**What is needed:**
How do the lines read from the one holding "Used 2025 Porsche Taycan image 17" through the last line of the listing? Set them down exactly, pictures omitted.

══ Data ══

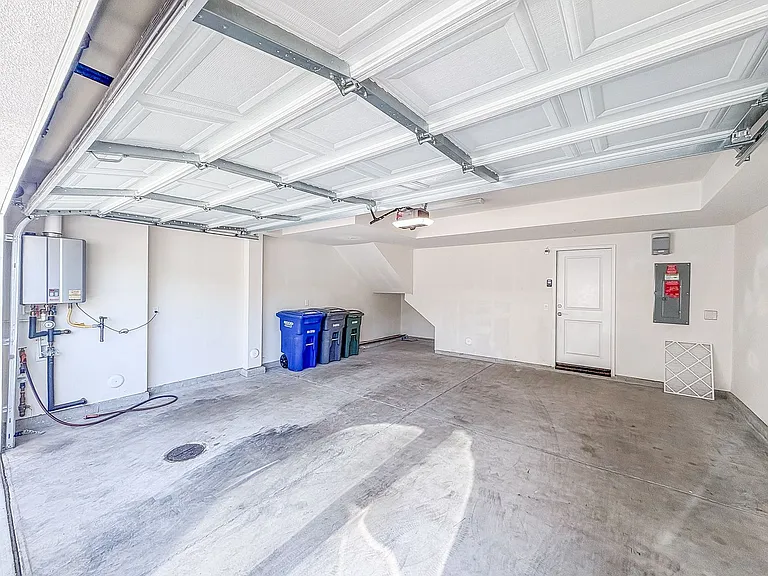 2376 Veil Gln — Photo 17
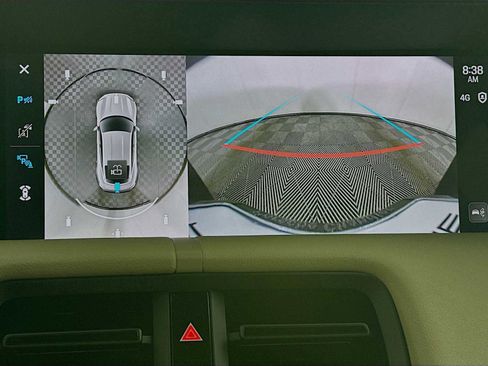 Used 2025 Porsche Taycan image 17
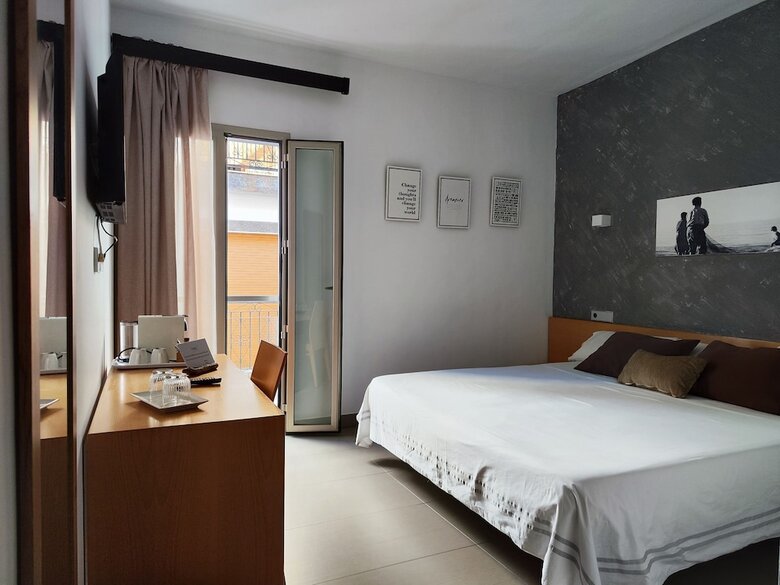 Hotel Alboran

═══

**Your solution:**
 Used 2025 Porsche Taycan image 17
 Hotel Alboran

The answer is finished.